Pour de nombreuses femmes, l’acte de la piraterie et les dangers qui en découlent peuvent avoir un impact direct sur leurs vies. Les maris pirates peuvent se perdre en mer, être capturés, emprisonnés ou encore tués. Dans d’autres cas, les femmes sont mariées à des pêcheurs qui ne peuvent désormais plus subvenir à leurs besoins puisque la piraterie en a fait la cible d’attaques – que ce soit par les pirates eux-mêmes ou par des bateaux étrangers qui tentent de poursuivre les pirates, mais qui ne peuvent pas faire la différence. Elles sont laissées sans maris et souvent sans revenus pour élever leur famille. D’ailleurs, la piraterie désorganise la distribution de l’aide alimentaire : c’est évidemment beaucoup plus difficile d’envoyer de l’aide alimentaire dans les ports touchés par la piraterie et près de 95 % de l’aide destinée à la Somalie est envoyée par mer (le navire à moteur Maersk Alabama du susmentionné film Capitaine Phillips transportait 5 000 tonnes de produits pour l’aide alimentaire parmi la charge de son cargo). Parmi les réfugiés qui dépendent de cette aide, 70 à 80 % sont des femmes et enfants, lesquels peuvent être ajoutés au compte des victimes de la piraterie.

Bien sûr à un plus large niveau, l’insécurité causée par la masse de jeunes hommes armés appauvris et souvent désespérés crée une dangereuse situation pour les femmes, ainsi que pour la population somalienne, si ce n’est au-delà. Un récent rapport de la World Bank, de l’ONUDC et d’Interpol souligne qu’entre 2005 et 2012 les détournements survenus près de la côte somalienne et de la corne de l’Afrique ont conduit aux paiements de rançons totalisant près de 413 millions de dollars américains. C’est dire qu’un montant d’argent similaire a été utilisé pour financer les activités criminelles à travers le globe, incluant le financement de milices, aussi bien que le trafic d’armes et le trafic humain.
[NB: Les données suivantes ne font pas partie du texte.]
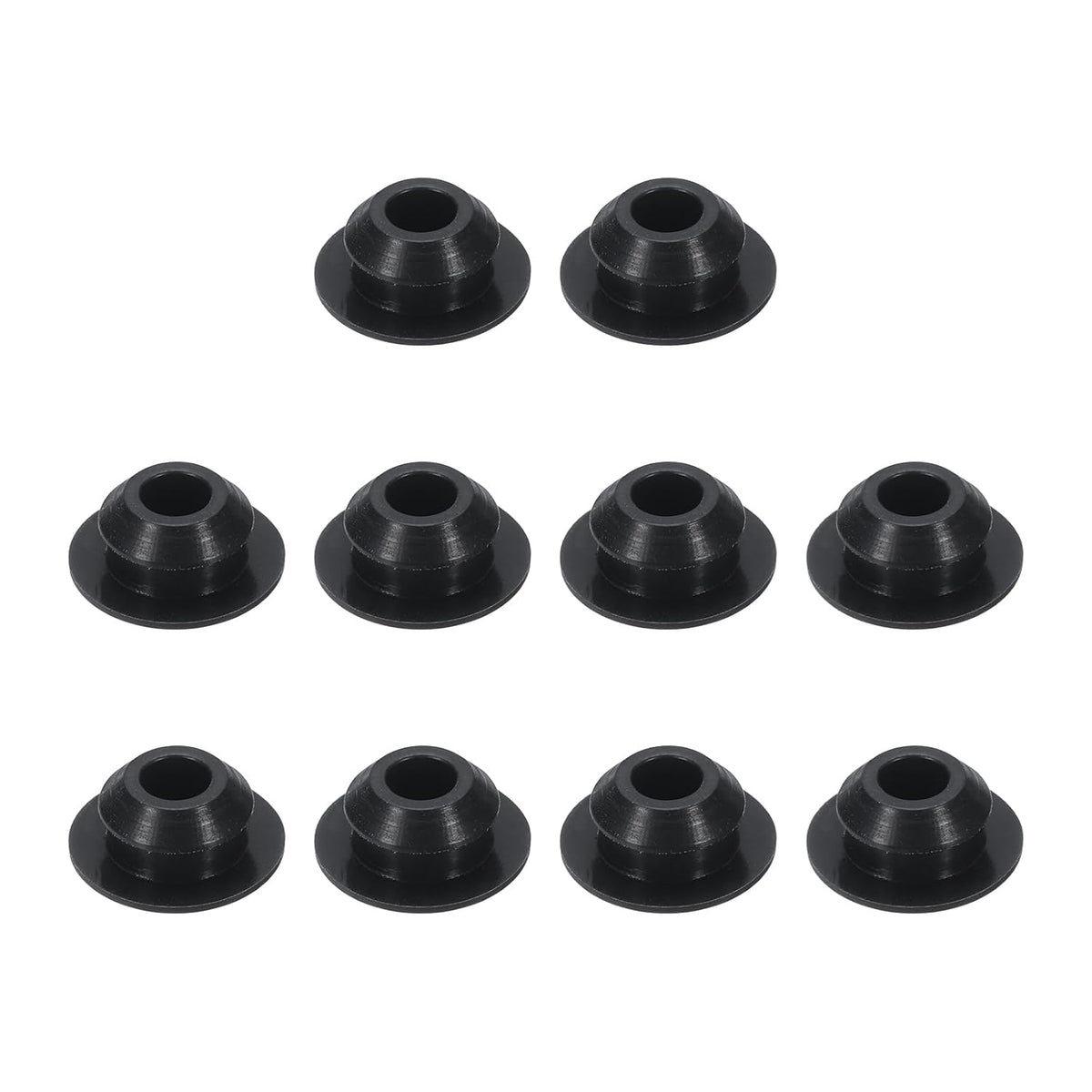 10pcs Hole Plug 3/8 Inch (9mm) Button Plugs Fit for 8mm Hole, Snap in Locking Hole Tube Plug Silicone Tube Waterproof Plug Tube Plug, Black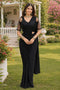 Black Real Premium Lycra Saree With Blouse - Front View | Samyak Fashion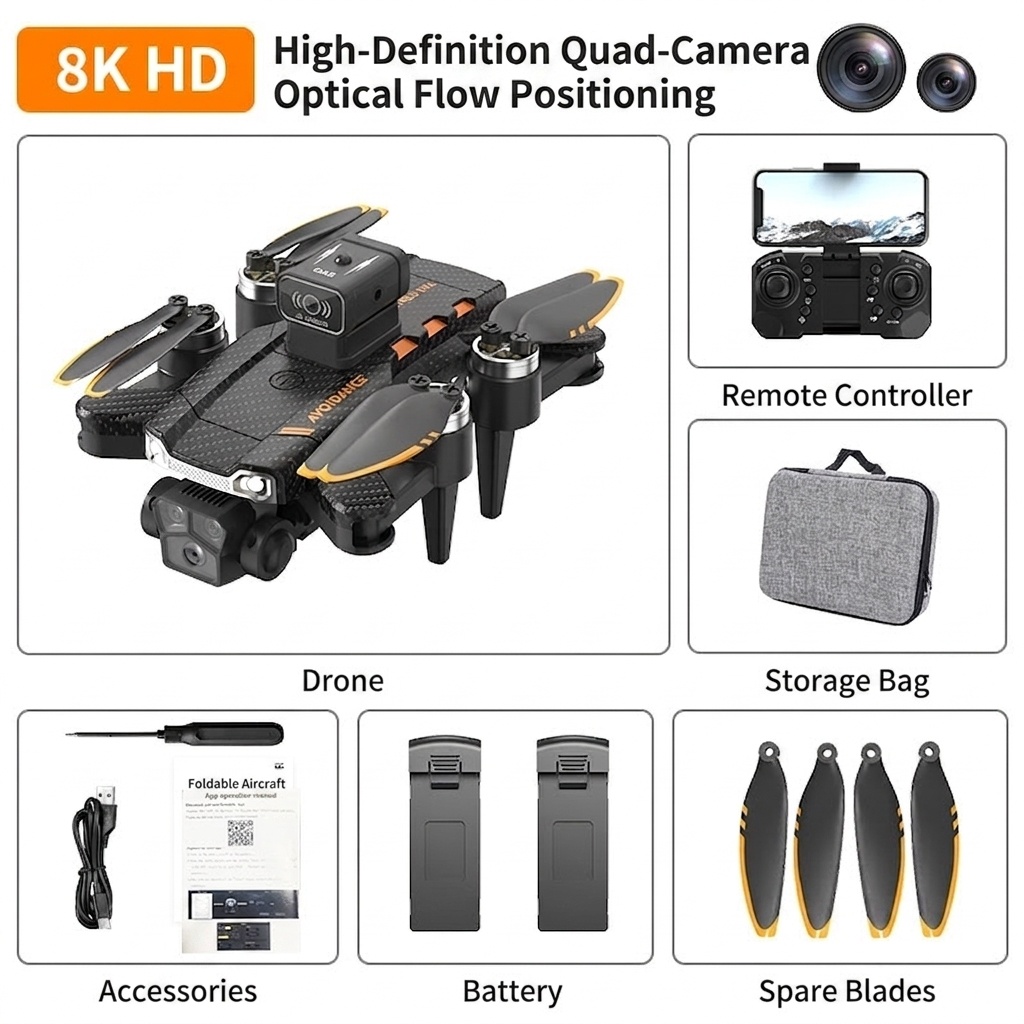 JS22 PRO 8K HD Drone with 360° Obstacle Avoidance, Optical Flow Positioning, Brushless Motor, Foldable RC Quadcopter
Les causes de la piraterie ont peut-être été d’abord la pauvreté avant de devenir l’avarice, mais les racines du problème, incluant la pauvreté et le conflit armé, ne peuvent pas être réglées par une riposte navale. D’autant plus que ce type de riposte n’éradiquera pas les problèmes que la piraterie a causés pour les femmes en Somalie. Un rapport de la Mission d’assistance des Nations Unies en Somalie (MANUSOM) rapporte que le nombre d’attaques de pirates est en déclin; 17 attaques ont pris place durant les neuf premiers mois de 2013 comparativement à 99 attaques durant la même période en 2012. Cela pourrait en partie être relié à l’établissement d’un gouvernement en Somalie, étant donné que des élections ont été tenues l’an passé en septembre. Dans la section intitulée Pour la résolution de la cause première de la piraterie au large de la côte somalienne le rapport de la MANUSOM détaille certains efforts qui ont justement été faits pour réduire les actes de piraterie, incluant la consolidation de l’industrie de la pêche, l’établissement de programmes de formation professionnelle et la promotion des modes de subsistance alternatifs pour les jeunes hommes. Toutefois, dans cette campagne le sort des femmes qui ont subi les conséquences de la piraterie a été, encore une fois, négligé.